DATASET EXCERPT »
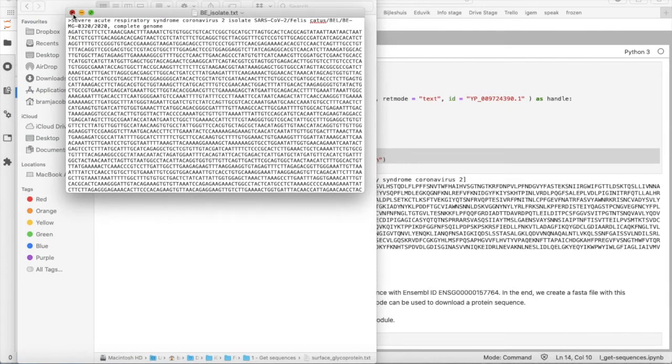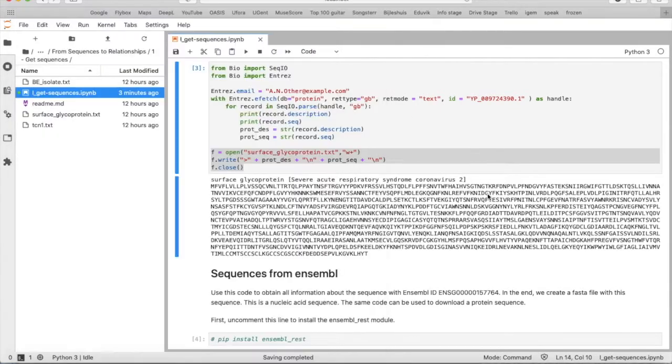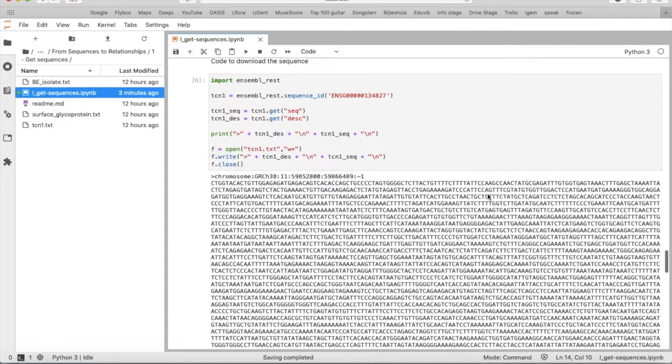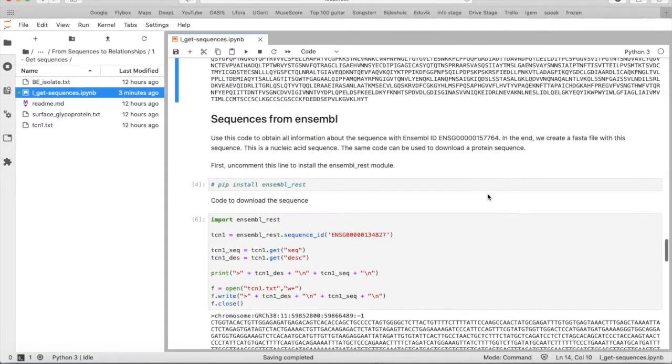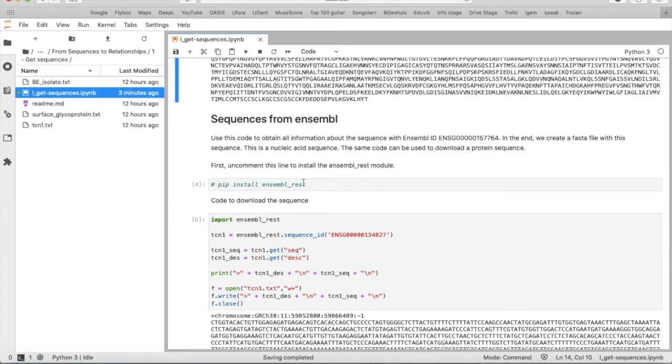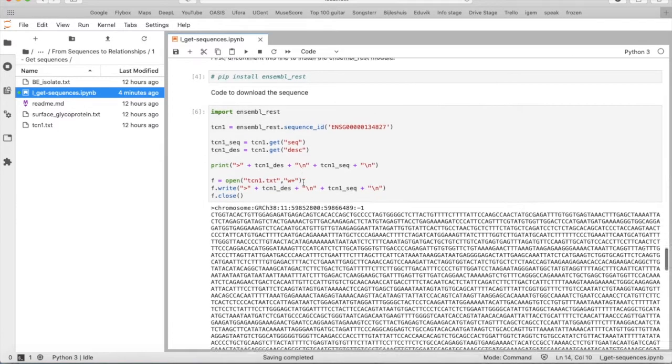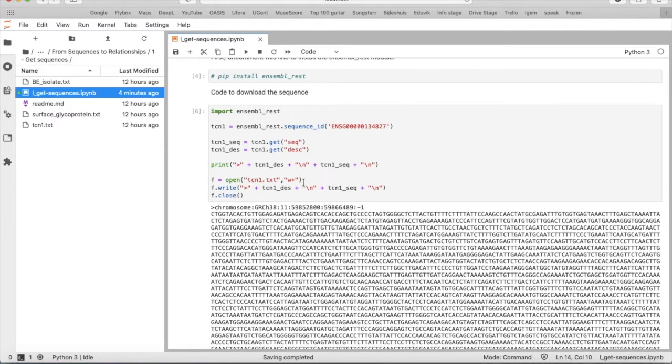Okay and then to finish you can also retrieve sequences from Ensembl, but then we need the Ensembl rest package because BioPython cannot do this. This code is a slightly different one, so first of all you import the package and then you say okay I will call my sequence TCN1, that's a gene that we search for.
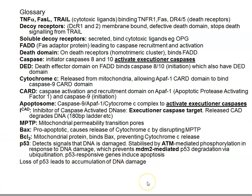We now need to think about what happens if a cell loses the ability to produce p53, which occurs in many cancer cells. Cancer cells become mutant for p53 and this DNA damage recognition pathway no longer functions correctly.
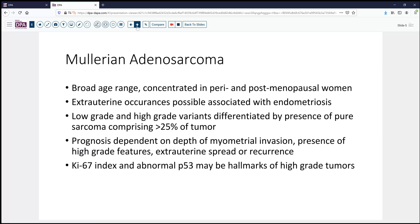This is an example of Mullerian adenosarcoma, which is a tumor that occurs in a very broad age range but is mostly concentrated in peri- and postmenopausal women. Extra-uterine occurrences are possible and typically are associated with a history of endometriosis. Sometimes prior radiation can also be an inducement or a risk factor for the development.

WHAT YOU HAVE TO DO »
The full listing, reproduced exactly and without pictures, is the expected output.

EXPECTED OUTPUT »
Okay and then to finish you can also retrieve sequences from Ensembl, but then we need the Ensembl rest package because BioPython cannot do this. This code is a slightly different one, so first of all you import the package and then you say okay I will call my sequence TCN1, that's a gene that we search for.
We now need to think about what happens if a cell loses the ability to produce p53, which occurs in many cancer cells. Cancer cells become mutant for p53 and this DNA damage recognition pathway no longer functions correctly.
This is an example of Mullerian adenosarcoma, which is a tumor that occurs in a very broad age range but is mostly concentrated in peri- and postmenopausal women. Extra-uterine occurrences are possible and typically are associated with a history of endometriosis. Sometimes prior radiation can also be an inducement or a risk factor for the development.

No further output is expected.